De quoi Darmanin a-t-il si peur à Rennes ?

Suite à une première plainte impulsée par un député RN en octobre 2022 et une nouvelle menace de Darmanin lors du mouvement contre la réforme des retraites, le Ministère de l’Intérieur a exprimé son intention de dissoudre notre collectif en février dernier, ce qui s’est confirmé par le décret publié mercredi 4 avril en Conseil des Ministres. Après plusieurs mois à préparer notre défense, nous nous apprêtons à affronter le Ministère de l’Intérieur au Conseil d’État pour le premier round de la procédure, lors d’une audience de référé suspension le 26 juin à Paris.
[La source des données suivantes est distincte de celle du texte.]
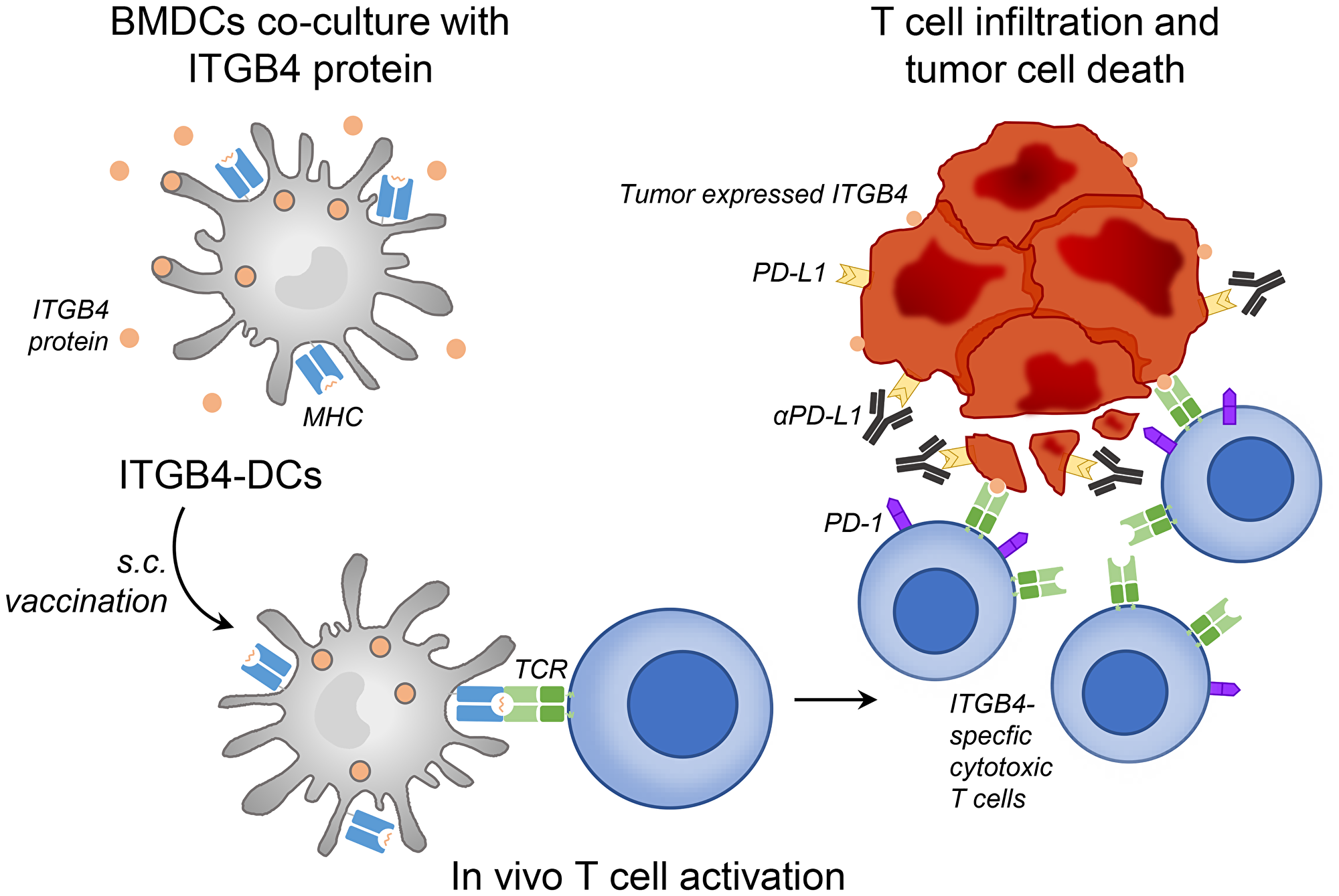 ITGB4-DC vaccine primes ITGB4-specific T cells in vivo, leading to killing of ITGB4 expressing cancer stem cells and differentiated tumor cells which is augmented by anti-PD-L1 administration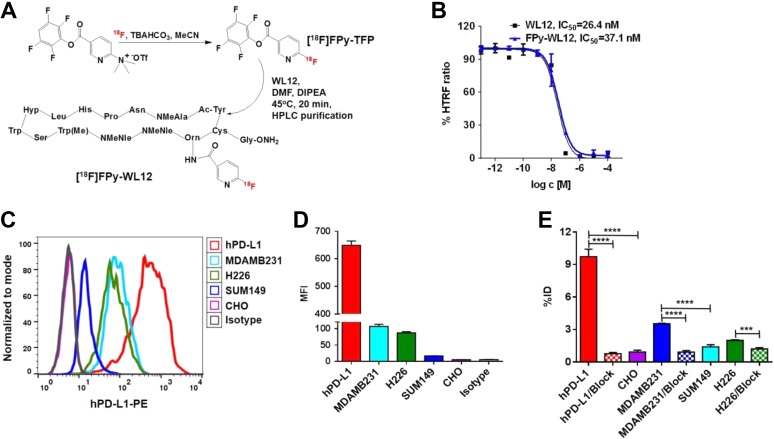 Development of [<sup>18</sup>F]FPy-WL12 as a PD-L1 Specific PET Imaging Peptide.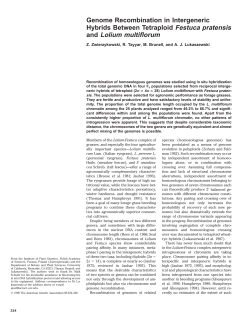 Genome Recombination in Intergeneric Hybrids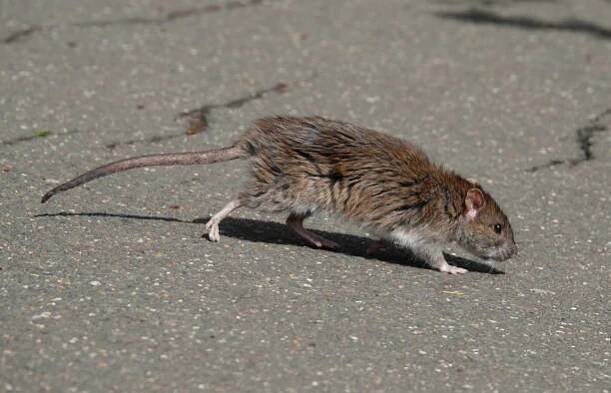 boční pohled na krysu hnědou, rattus norvegicus, přecházející pěšinu v městském parku. - hantavirus - stock snímky, obrázky a fotky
Si cette nouvelle est très grave pour tous les collectifs qui s’organisent comme nous contre la répression des mouvements sociaux en France, elle n’est pas véritablement une surprise. Depuis notre création et ces huit années passées à organiser la défense dans la rue et dans les tribunaux, nous avons été désignés comme la cible prioritaire de la police, des procureurs et de la préfecture de Rennes. Après avoir échoué à nous écraser sous les procès et nous mettre au ban du mouvement social, c’est le Ministre de l’Intérieur en personne qui s’est déplacé à Rennes pour annoncer notre dissolution.

Par cette tribune, nous souhaitons aujourd’hui nous exprimer publiquement, non seulement pour expliquer en quoi cette décision est extrêmement dangereuse pour toutes les personnes qui s’organisent politiquement, mais aussi pour balayer les mensonges des autorités et expliquer qui nous sommes et ce que nous faisons réellement depuis notre création.

Pour nous soutenir, vous pouvez faire un don. Vous pouvez aussi nous suivre sur les réseaux sociaux.

QU’EST-CE QUE LA DÉFENSE COLLECTIVE ?

La Défense Collective a été fondée en 2016 à Rennes et a pour fonction de s’organiser face à la répression des mouvements sociaux par la défense au tribunal des personnes mises en cause et par la participation aux mouvements dans la rue. 

Nous sommes des manifestant.e.s issu.e.s de ces grandes mobilisations, qui, en assistant aux procès des personnes arrêtées, ont compris que la répression judiciaire est une arme plus redoutable que les matraques, les gaz et les grenades pour écraser la contestation politique en France.

Depuis huit ans, nous défendons gratuitement la majorité des manifestant.e.s arrêté.e.s à Rennes avec le concours de trois pénalistes talentueux.ses et aguerri.e.s. Nous permettons aux personnes mises en cause de s’emparer de leur défense, parce que nous leur garantissons l’accès à leur dossier, la participation à l’élaboration de leur stratégie judiciaire, et le soutien financier pour faire appel.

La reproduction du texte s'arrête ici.